By Abdel Razek El-Shuwekhi
The timing for the elimination of diesel subsidies, which the government intends to start in November 2014, is inappropriate for the tourism sector, according to deputy chairman of the Chamber of Hotels Hany Al-Shaer.
Al-Shaer said the sector has suffered various crises for the past three years and criticised the lack of coordination with the chamber despite its sponsorship of hotels.
The Minister of Tourism did not notify the Egyptian Chamber of Hotels of the government’s intention to remove diesel subsidies , according to Al-Shaer.
“This should have been coordinated with the Chamber of Hotels. All that we know is that there is a serious desire to remove the subsidy but no coordination is taking place regarding the timing, which puts us in a tough spot with foreign marketing companies,” he said.
The Ministry of Finance plans to eliminate diesel subsidies beginning in November and has allocated EGP 2bn to counter the negative effects of removing the subsidies.
Minister of Tourism Hisham Zaazou said in previous statements that “the elimination of subsidies will take place in two phases beginning in November.” The ministry will bear the price difference incurred by companies and hotels for one year, according to the National Accounts Division of the Ministry of Tourism.
Hotels and companies currently obtain a liter of diesel fuel for EGP 1.10. The price is expected to rise to EGP 2.5 per liter during the first phase of removing subsidies.
Al-Shaer argued that the solution is not to eliminate diesel subsidies, as this would not solve the problem.

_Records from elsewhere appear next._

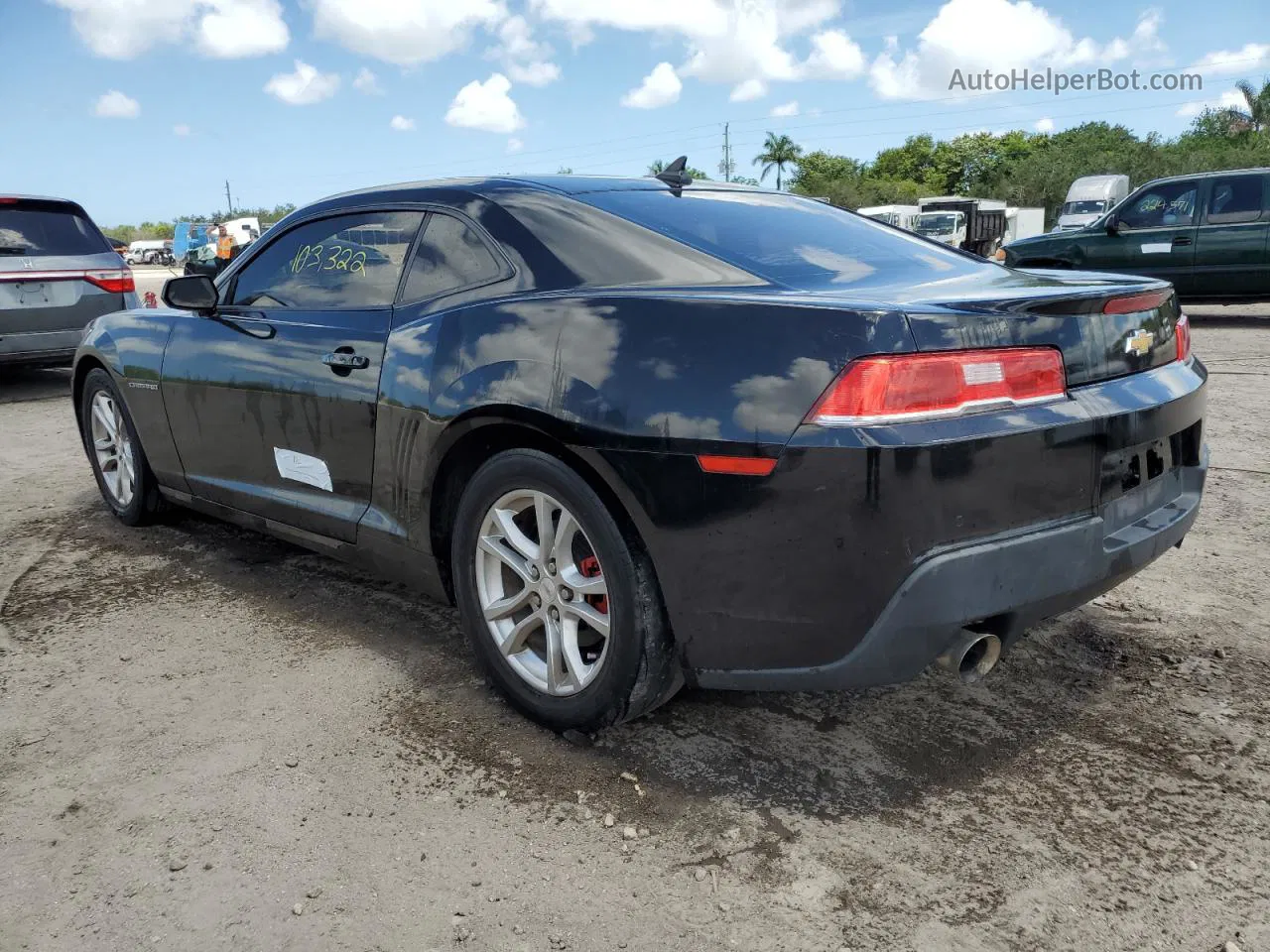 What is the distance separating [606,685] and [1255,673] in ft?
6.08

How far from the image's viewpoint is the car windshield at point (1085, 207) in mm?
32719

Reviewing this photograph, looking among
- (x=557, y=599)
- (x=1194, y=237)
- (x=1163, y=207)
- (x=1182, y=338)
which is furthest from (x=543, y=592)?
(x=1163, y=207)

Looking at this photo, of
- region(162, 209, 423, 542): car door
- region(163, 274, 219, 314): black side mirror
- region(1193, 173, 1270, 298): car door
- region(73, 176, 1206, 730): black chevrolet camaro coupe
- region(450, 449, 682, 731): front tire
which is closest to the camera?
region(73, 176, 1206, 730): black chevrolet camaro coupe

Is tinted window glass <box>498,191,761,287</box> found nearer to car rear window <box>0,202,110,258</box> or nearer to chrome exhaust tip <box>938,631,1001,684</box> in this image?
chrome exhaust tip <box>938,631,1001,684</box>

Instead, a parallel black market would appear.
“The government should have thought about a solution that addresses the root of the problem, which would include allocated financial resources to deliver natural gas to hotels and converting buses to run on gas instead of diesel,” he said.

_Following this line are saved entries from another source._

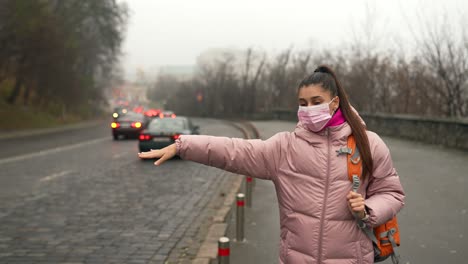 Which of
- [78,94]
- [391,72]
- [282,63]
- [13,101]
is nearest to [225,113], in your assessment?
[282,63]

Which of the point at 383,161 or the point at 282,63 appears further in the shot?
the point at 282,63

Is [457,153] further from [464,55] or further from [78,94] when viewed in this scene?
[78,94]

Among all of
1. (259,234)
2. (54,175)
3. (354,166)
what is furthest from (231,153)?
(54,175)

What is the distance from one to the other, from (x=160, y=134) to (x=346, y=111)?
45.3 ft

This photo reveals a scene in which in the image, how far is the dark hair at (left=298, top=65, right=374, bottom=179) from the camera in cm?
241

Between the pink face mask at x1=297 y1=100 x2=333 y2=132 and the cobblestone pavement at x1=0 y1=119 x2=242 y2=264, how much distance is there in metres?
3.26

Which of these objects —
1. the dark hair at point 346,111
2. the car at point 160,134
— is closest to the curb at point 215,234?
the dark hair at point 346,111

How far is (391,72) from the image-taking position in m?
21.4

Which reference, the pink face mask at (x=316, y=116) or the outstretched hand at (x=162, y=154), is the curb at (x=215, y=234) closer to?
the outstretched hand at (x=162, y=154)

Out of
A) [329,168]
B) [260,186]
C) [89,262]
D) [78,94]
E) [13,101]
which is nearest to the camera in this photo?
[329,168]

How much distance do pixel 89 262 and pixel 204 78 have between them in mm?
82899

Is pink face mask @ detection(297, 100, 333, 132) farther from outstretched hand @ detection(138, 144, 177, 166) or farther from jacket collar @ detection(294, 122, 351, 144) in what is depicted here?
outstretched hand @ detection(138, 144, 177, 166)

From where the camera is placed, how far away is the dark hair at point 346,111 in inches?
94.7

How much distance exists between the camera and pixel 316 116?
2.40 meters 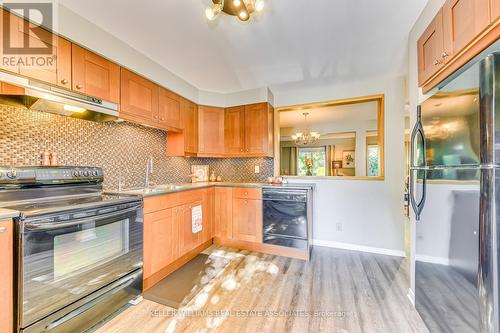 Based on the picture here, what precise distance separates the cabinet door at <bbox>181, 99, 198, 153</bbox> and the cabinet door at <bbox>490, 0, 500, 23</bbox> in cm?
298

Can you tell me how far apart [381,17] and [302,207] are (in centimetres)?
209

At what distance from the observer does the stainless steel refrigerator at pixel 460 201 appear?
97 cm

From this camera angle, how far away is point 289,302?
184 centimetres

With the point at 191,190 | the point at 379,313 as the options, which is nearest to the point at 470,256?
the point at 379,313

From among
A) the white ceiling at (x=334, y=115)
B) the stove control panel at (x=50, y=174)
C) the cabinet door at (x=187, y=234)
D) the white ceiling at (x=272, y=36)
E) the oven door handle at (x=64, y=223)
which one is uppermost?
the white ceiling at (x=334, y=115)

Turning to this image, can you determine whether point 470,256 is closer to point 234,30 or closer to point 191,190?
point 234,30

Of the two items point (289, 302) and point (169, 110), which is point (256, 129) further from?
point (289, 302)

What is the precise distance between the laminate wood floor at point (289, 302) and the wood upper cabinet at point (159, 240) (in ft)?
1.20

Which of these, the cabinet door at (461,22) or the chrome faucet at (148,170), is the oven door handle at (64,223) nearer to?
the chrome faucet at (148,170)

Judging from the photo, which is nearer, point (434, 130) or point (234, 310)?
point (434, 130)

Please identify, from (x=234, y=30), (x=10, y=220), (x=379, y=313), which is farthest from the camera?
(x=234, y=30)

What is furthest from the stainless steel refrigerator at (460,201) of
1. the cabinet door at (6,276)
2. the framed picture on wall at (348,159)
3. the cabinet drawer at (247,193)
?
the framed picture on wall at (348,159)

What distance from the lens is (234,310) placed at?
1736mm

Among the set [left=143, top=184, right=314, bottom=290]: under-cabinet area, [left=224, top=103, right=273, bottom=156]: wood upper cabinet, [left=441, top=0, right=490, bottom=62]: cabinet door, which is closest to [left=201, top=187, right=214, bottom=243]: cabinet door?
[left=143, top=184, right=314, bottom=290]: under-cabinet area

Tourism is one of the Egyptian economy’s main sources of income, along with remittances from Egyptians working abroad and Suez Canal revenues.
According to the National Accounts Division, approximately 3.8 million workers are directly and indirectly employed by the tourism industry.

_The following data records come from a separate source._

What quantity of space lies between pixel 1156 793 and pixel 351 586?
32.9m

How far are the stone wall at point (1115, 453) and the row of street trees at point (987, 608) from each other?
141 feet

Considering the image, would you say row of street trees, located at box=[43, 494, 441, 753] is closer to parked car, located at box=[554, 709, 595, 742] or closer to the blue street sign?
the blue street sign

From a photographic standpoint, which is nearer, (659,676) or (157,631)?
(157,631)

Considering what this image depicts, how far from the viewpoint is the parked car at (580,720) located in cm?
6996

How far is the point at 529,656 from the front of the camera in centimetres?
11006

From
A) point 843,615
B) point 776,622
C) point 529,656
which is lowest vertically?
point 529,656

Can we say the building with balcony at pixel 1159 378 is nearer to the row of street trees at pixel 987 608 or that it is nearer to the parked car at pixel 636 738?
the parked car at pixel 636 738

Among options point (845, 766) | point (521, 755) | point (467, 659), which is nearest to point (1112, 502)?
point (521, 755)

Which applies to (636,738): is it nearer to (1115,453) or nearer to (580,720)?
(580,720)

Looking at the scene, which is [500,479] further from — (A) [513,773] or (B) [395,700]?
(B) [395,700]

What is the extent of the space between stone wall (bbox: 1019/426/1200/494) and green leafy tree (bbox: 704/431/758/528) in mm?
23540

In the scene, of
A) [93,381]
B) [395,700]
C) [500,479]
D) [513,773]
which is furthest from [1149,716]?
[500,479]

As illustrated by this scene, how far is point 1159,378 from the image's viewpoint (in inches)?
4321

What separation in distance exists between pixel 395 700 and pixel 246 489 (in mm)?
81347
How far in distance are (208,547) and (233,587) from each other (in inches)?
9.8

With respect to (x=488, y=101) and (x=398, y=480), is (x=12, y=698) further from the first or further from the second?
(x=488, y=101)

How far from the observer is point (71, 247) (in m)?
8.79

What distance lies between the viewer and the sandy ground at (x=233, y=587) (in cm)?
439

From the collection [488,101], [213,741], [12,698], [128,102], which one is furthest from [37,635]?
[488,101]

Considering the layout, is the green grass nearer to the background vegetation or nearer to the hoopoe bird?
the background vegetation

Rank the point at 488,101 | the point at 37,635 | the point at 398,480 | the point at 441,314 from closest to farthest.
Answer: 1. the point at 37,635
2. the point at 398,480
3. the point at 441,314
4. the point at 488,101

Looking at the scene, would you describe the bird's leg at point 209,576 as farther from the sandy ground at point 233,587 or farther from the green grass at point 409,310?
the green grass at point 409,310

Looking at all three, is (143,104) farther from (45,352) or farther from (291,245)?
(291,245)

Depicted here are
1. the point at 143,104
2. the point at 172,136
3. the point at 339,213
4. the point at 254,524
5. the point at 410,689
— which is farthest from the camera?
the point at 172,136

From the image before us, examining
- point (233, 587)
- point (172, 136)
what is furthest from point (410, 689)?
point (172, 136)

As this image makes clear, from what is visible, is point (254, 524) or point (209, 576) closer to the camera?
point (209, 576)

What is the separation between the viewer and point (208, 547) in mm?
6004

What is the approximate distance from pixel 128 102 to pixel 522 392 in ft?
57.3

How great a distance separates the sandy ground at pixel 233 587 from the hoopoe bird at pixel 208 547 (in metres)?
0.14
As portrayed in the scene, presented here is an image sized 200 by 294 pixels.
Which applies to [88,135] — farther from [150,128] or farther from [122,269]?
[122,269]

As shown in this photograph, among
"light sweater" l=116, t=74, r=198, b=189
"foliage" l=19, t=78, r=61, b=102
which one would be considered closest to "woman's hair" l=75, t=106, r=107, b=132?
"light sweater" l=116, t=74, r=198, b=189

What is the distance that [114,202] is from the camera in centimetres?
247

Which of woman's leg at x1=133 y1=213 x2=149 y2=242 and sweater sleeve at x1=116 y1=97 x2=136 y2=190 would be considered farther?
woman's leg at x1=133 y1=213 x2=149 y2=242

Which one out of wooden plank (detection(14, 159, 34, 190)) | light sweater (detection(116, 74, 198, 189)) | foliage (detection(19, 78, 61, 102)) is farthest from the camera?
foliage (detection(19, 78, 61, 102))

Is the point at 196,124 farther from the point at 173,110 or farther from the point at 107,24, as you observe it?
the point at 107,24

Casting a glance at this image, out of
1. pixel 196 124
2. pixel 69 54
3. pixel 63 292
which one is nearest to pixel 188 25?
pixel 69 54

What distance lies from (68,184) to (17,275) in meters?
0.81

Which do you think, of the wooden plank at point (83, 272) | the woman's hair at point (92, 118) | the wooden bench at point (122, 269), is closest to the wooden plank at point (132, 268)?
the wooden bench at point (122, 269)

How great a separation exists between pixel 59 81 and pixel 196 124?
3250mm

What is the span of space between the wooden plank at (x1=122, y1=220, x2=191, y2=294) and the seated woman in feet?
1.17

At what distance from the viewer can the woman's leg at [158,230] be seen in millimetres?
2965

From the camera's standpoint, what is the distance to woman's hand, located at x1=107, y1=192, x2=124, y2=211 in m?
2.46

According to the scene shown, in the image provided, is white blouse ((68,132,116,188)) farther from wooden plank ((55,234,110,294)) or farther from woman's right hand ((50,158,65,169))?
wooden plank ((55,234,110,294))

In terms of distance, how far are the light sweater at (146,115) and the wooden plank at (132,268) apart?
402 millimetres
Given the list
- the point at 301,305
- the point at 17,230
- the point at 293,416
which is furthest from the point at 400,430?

Abdelrahman Anwar, vice president of the Floating Hotels Investors Association, said that “removing subsidies on diesel fuel is necessary to combat the budget deficit and tourism will not suffer from the burden, but it must be done gradually over a period no less than 5 years.”
Floating hotels are the most affected by the elimination of subsidies, according to Anwar, who said that raising the price of a liter of diesel from EGP 1.10 to EGP 2.5 would raise room rates by 100%. Foreign marketing companies will refuse to pass this on to consumers, harming Egyptian companies with great losses.
There are 286 floating hotels operating on the Nile between Aswan and Luxor in Upper Egypt, including 17,000 rooms.
According to Anwar, only six of the floating hotels are working. “The switch to natural gas will cost floating hotels EGP 1m to install tanks,” he said.